Mumbai-Goa Ferry Remains A Dream, Even In 2017

Mumbai-Goa Ferry Remains A Dream, Even In 2017

There was a point in our history when the only way to travel was by sea. To get anywhere - even somewhere as close as Goa - involved the magical process of boarding a ship and setting sail for your destination. In 1989 most of the passenger ships were requisitioned by the Indian Navy for the Indian Peace Keeping Force (IPKF) operations in Sri Lanka. 2017 was the year ship services between Mumbai and Goa were to be resumed, after a 26 year hiatus. 

The joint decision between the Mumbai Port Trust (MPT) and the Maharashtra Maritime Board (MMB) to restart regular ferries, would have changed how several of us approach travel. The ferry begins at Ferry Wharf or Bhaucha Dhakka in Mumbai, and would continue on till Goa, with a few stops on the way—Dighi in Raigad district, Dabhol and Jaigad in Ratnagiri district, Vijay Durg and Malvan before rounding off the journey at Panjim.

Image Source: Edition CNN

Although this plan was announced last year, and was due this year in March or April, there has been little to no news about the ferry being operational. A senior official from MMB said, “We are evaluating proposals from various shipping companies who have shown interest in starting the service.” The service has been in the news several times, with little to no action following it up which is surprising as the project has gained a lot of public support, not only from tourists but from regular passengers who are looking for an easy and economical option. This would have also been the first time since the 1980’s that a regular ship between Mumbai and Goa was operational. 
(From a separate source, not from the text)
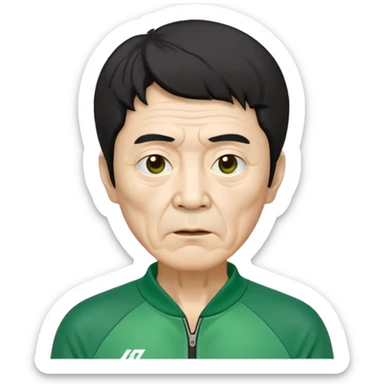 Seong Gi-hun : age 70, skinny and bony face, very small mouth, thick eyebrows deep eyes, unkempt black hair , Green player tracksuit. sticker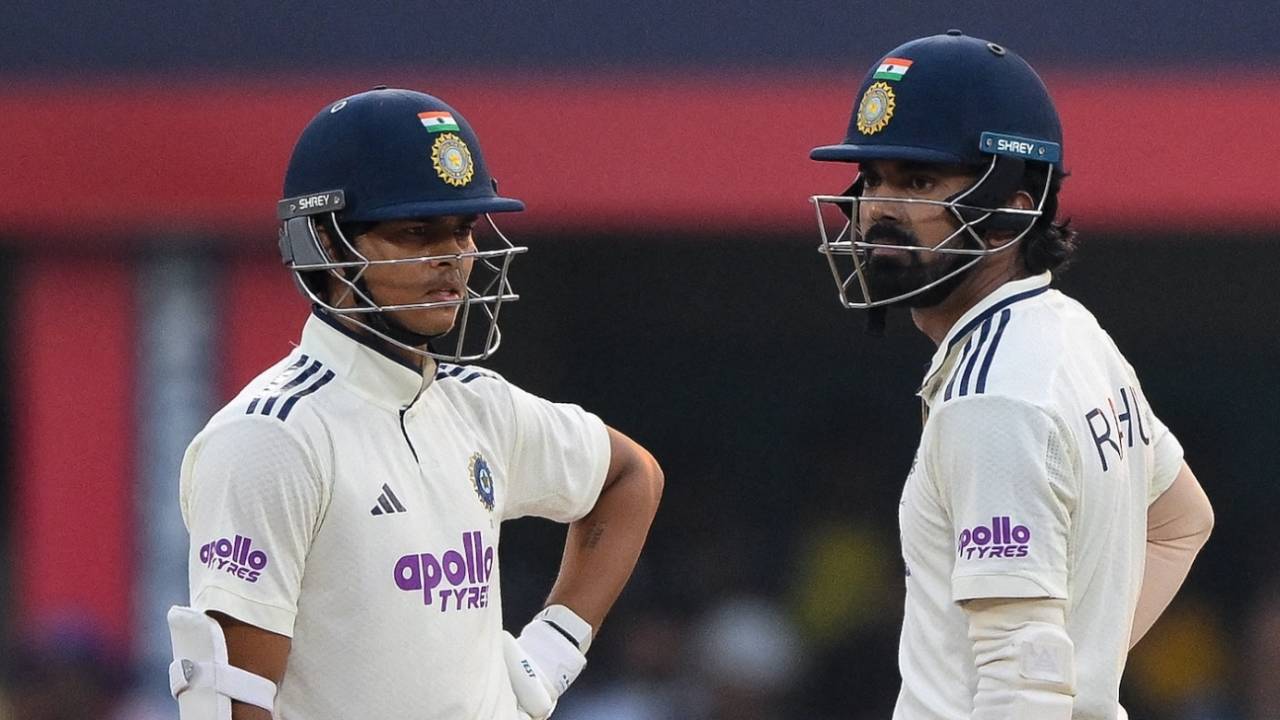 Yashasvi Jaiswal and KL Rahul had a job to do after being in the field for close to two days, India vs South Africa, 2nd Test, Guwahati, 2nd day, November 23, 2025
In other news, there has been yet another announcement, stating that April 2018 will be when a new ferry service will start up at Mumbai’s Ferry Wharf and go up to Mandwa, that will allow you to take your car aboard! The ferry will accommodate 300 passenger cars, and 100 trucks and tempos. Not only would this initiative help save time, but it would also be an eco-friendly alternative.